When General Zod (Michael Shannon) and his icy henchwoman start throwing their weight around, there’s plenty of Transformers-style destruction, with the smackdown in Metropolis making the climax of Avengers Assemble resemble a minor fracas.
But the failure to create sustained emotional depth feels like a lost opportunity, so let’s hope that any sequel has script and direction that’s more superpowered.
> Bizarre, bloodthirsty drama ONLY GOD FORGIVES (18: Lionsgate) sees the star and director of thriller Drive (Ryan Gosling and Nicolas Winding Refn) reunited.

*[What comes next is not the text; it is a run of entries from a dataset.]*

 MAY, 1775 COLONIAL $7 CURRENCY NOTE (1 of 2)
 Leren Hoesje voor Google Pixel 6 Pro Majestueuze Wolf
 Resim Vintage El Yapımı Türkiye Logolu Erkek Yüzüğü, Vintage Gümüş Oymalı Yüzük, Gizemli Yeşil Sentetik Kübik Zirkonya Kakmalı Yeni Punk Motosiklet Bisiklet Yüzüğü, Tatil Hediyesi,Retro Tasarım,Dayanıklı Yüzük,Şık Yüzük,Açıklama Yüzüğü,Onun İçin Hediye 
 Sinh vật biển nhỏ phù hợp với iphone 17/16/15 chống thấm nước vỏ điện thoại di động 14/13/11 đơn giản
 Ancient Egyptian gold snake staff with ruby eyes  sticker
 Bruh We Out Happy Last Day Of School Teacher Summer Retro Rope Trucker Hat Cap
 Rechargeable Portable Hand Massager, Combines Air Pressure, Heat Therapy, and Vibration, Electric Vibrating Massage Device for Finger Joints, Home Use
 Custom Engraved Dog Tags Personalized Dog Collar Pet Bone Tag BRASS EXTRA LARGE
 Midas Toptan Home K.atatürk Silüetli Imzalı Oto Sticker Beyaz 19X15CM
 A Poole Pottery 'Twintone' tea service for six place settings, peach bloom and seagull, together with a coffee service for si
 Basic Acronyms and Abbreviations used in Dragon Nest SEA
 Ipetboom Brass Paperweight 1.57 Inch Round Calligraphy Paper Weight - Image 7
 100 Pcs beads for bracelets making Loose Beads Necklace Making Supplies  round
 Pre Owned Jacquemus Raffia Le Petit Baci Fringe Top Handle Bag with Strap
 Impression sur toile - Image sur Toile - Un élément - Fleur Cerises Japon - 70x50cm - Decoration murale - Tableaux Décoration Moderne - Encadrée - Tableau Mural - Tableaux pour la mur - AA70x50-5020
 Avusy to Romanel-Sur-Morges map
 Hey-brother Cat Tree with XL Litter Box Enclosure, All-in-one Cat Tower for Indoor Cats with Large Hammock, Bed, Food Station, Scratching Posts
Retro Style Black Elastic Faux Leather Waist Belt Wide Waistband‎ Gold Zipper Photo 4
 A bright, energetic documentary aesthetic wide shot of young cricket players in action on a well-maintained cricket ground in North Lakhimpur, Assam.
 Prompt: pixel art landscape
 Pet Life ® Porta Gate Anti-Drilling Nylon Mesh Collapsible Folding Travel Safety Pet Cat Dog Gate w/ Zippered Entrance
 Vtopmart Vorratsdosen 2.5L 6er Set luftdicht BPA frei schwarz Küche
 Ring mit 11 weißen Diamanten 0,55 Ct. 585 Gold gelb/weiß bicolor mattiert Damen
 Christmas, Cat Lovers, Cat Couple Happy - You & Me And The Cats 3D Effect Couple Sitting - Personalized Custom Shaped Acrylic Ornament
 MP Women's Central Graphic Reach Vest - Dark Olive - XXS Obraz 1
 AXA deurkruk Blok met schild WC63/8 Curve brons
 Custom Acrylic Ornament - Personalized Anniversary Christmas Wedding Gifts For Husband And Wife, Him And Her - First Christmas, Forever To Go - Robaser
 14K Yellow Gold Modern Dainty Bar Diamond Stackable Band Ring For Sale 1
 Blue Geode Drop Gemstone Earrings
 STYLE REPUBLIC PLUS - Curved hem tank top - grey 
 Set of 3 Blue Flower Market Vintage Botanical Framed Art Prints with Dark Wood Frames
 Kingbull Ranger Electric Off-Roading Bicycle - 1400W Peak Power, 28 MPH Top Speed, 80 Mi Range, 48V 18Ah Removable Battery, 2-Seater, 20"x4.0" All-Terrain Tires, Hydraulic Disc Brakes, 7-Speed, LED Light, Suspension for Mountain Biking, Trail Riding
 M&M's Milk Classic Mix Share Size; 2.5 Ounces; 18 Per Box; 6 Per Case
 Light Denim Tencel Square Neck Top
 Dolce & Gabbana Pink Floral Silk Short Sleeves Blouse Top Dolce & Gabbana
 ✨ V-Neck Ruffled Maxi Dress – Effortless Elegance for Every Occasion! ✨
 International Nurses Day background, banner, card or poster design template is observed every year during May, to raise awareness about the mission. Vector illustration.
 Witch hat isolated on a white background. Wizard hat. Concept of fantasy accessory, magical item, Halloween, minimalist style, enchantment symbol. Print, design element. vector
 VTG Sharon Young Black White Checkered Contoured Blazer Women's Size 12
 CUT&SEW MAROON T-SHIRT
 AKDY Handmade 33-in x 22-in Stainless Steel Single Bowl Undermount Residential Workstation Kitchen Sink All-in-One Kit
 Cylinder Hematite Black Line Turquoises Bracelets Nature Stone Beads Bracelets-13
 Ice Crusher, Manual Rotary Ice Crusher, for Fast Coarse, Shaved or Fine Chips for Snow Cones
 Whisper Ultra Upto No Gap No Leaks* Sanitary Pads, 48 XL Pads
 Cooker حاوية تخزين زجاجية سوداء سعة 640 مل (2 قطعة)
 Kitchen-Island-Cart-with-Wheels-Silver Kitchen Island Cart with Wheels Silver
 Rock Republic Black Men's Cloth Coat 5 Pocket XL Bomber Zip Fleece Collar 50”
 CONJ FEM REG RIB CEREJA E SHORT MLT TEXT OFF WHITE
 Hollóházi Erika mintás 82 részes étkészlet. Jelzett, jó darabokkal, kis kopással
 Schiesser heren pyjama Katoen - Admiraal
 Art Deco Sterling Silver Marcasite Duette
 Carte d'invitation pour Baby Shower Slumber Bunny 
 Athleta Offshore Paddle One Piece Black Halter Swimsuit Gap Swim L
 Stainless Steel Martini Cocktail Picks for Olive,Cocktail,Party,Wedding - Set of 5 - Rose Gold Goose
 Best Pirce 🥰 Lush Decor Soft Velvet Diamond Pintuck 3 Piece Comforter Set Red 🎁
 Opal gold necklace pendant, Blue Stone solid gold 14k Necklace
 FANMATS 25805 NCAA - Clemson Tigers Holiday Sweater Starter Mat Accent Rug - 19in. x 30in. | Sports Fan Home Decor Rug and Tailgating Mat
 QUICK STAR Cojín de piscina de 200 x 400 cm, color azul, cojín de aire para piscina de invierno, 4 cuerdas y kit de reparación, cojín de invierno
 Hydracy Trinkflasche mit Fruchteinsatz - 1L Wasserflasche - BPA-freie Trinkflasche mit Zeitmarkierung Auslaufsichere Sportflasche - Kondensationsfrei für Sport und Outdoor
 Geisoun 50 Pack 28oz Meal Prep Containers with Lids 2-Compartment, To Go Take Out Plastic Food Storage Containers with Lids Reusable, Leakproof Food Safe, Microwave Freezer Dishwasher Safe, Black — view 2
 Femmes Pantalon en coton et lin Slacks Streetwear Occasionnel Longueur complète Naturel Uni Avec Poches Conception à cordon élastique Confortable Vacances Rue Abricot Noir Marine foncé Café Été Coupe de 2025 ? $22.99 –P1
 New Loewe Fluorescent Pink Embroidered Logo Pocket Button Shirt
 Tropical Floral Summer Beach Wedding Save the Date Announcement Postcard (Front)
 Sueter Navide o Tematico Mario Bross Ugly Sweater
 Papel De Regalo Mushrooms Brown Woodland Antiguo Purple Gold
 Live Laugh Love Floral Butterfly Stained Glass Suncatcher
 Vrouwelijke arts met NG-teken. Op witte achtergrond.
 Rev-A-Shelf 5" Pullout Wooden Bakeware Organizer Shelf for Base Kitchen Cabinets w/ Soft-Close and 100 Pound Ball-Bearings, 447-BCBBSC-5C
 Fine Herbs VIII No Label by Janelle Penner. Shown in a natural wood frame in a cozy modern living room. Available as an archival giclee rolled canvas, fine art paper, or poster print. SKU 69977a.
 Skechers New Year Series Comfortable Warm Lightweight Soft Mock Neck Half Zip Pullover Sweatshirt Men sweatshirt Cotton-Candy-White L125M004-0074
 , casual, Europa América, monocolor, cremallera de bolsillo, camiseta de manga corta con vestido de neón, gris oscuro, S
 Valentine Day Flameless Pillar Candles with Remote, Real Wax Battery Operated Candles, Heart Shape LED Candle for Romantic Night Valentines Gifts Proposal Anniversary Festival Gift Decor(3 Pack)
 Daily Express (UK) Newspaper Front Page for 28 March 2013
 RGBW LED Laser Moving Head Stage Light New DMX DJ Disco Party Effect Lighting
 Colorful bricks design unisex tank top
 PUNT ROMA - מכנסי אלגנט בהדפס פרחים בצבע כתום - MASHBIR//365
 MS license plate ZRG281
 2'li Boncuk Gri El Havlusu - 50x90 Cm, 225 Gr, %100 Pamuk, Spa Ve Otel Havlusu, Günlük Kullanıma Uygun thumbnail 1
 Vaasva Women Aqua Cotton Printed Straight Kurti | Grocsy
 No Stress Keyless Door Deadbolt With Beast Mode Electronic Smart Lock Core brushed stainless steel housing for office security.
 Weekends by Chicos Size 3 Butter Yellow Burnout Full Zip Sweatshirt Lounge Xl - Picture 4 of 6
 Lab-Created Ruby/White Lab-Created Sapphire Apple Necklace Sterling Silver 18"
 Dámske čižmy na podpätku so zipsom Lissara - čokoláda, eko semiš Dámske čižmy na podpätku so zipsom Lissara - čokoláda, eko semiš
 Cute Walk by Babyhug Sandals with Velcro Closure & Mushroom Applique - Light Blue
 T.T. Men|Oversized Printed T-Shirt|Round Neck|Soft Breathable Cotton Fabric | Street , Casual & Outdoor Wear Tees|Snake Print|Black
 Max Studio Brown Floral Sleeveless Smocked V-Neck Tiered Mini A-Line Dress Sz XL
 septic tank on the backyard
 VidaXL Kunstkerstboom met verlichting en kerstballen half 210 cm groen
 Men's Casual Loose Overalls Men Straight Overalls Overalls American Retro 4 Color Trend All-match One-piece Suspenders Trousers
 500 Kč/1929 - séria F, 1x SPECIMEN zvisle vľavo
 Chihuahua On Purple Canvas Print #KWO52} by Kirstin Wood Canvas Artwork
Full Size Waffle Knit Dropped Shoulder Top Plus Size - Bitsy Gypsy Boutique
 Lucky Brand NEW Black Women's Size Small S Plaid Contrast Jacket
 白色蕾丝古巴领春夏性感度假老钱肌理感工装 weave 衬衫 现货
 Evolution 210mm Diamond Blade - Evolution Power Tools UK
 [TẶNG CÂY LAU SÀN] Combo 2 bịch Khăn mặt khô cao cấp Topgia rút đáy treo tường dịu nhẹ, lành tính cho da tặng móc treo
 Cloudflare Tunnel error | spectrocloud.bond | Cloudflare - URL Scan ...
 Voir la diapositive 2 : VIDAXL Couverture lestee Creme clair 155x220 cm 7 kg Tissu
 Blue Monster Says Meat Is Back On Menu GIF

At times agonisingly slow and punctuated with graphic scenes of extreme violence, it will only reward those of you brave enough to stay with it.
I bet it will at the very least alienate the vast majority of Gosling’s teen fanbase.
He plays Julian, who runs a drug-dealing operation using the cover of his Bangkok boxing club.
When his psychotic brother is murdered, he comes under pressure from their domineering mother (Kristin Scott Thomas) to kill the man responsible.
A bog standard pulp gangster flick? Nothing of the sort as Refn focuses on Julian’s torment as he hides a terrible secret and unwittingly summons up a supernatural angel of vengeance in the form of a blade-wielding detective who stalks him through the city’s streets.
> Hysterical cop comedy THE HEAT (15: Twentieth Century Fox) follows a familiar formula, but a simple gender twist and great casting keeps things sizzling.
Sandra Bullock and Melissa (Bridesmaids) McCarthy make an inspired double act.
The film has a wobbly start as each woman separately tries to negotiate her way through a man’s world and bring a drugs baron to justice.
But as soon as they pool resources it becomes a fluid, fun and foul-mouthed buddy flick.
Despite being the bigger name, Bullock generously plays the straight ‘man’ as a prissy type knocked sideways by her partner.
Her gift for physical comedy is brilliantly employed and there’s some cracking banter between the pair, with much of it feeling improvised.
One of the best scenes – the girls getting drunk in a bar – trades on visual gags and clever cutting by director Paul Feig, who also made Bridesmaids.